Henryk Kowalczyk w rozmowie z PAP.PL odniósł się także do czwartkowego ataku na senatora PiS Stanisława Karczewskiego.

Karczewski w czwartek poinformował na Twitterze, że podczas świątecznych zakupów został "napadnięty, wulgarnie wyzwany, uderzony i przewrócony". W rozmowie z PAP podkreślił, że atak miał być umotywowany politycznie oraz że usłyszał obelgi pod swoim adresem, a także prezesa PiS Jarosława Kaczyńskiego. "Została złamana moja nienaruszalność cielesna, zostałem uderzony, wyrwano mi telefon, telefon jest uszkodzony" - dodał. MSWiA wieczorem poinformowało, że mężczyzna który dokonał ataku, został zatrzymany przez policję.

"Niestety ten przypadek to jest bulwersujący przykład zbierania owoców mowy nienawiści. Niestety opozycja nie przebiera w słowach, a niektórzy, jak widać, nie przebierają w czynach.
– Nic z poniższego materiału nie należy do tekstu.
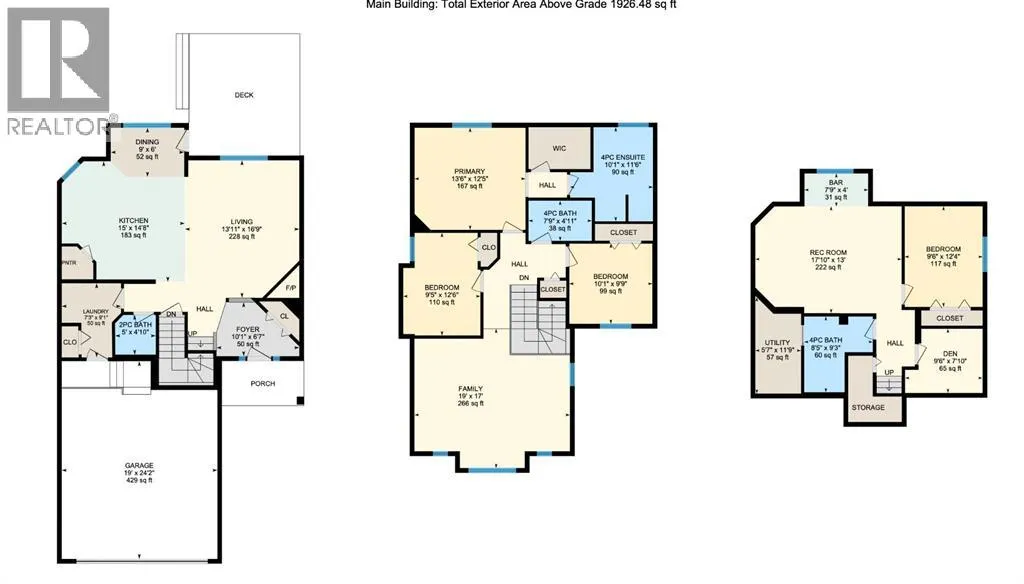 118 Coopers Close SW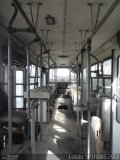 Sucata e Desmanches 4 1626 na cidade de São Paulo, São Paulo, Brasil, por Caio  Takeda. Número da foto: #2969635.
Ciągłe mówienie 'będziesz siedział', 'powiesimy was', 'zamkniemy', 'zlikwidujemy', 'wypatroszymy', to wszystko teraz niestety zbiera owoce" - powiedział wicepremier.

Kowalczyk zaapelował do polityków opozycji, aby "pomimo różnic poglądów, szanowali człowieka". W innym wypadku - dodał - "będzie doprowadzać to do kolejnych aktów nienawiści i przemocy".

Napaść na Karczewskiego 

Jak relacjonował Karczewski, podczas świątecznych zakupów został napadnięty i uderzony. "Napastnik zaatakował mnie, bo jestem z PiS. Skala agresji i nienawiści, którą sieje Donald Tusk i PO jest ogromna" - mówił senator PiS.

Do sprawy w czwartek odniósł się rzecznik PiS Rafał Bochenek apelując do liderów partii opozycyjnych, aby "potępili tego rodzaju agresywne zachowania i nie nakręcali spirali hejtu oraz nienawiści".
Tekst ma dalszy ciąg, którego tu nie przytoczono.